Data in this exercise:
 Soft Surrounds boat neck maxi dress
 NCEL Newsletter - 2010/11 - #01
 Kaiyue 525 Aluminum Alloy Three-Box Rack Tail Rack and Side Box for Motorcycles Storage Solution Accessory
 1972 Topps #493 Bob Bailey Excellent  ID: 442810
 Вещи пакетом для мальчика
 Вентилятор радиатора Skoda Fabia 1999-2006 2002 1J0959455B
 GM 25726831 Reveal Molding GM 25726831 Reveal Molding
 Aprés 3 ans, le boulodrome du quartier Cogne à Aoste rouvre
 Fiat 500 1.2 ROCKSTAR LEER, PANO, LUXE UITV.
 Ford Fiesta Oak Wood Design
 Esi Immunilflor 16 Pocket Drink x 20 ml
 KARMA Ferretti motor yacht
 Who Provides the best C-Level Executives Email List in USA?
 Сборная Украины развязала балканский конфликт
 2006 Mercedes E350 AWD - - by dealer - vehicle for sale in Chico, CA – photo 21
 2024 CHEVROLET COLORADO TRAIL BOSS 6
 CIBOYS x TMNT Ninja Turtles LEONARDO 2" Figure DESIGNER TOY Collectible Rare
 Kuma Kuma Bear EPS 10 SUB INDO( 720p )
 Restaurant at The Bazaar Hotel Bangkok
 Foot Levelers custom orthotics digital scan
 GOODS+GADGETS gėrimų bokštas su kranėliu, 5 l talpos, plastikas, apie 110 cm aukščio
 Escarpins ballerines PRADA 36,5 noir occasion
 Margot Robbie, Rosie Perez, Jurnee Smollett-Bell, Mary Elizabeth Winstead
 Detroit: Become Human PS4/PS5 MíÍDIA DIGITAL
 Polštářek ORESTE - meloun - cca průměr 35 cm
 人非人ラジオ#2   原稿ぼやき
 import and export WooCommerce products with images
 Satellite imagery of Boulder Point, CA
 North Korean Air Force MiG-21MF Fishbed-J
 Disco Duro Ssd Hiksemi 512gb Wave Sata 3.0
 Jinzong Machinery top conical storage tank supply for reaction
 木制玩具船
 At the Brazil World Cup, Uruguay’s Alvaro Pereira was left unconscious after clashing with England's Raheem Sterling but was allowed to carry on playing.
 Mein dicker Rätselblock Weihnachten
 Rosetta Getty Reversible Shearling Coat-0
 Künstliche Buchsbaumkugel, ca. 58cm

Exercise requirements:
Where a line of the entries contains "with", report that line.

Answer box:
 import and export WooCommerce products with images
 At the Brazil World Cup, Uruguay’s Alvaro Pereira was left unconscious after clashing with England's Raheem Sterling but was allowed to carry on playing.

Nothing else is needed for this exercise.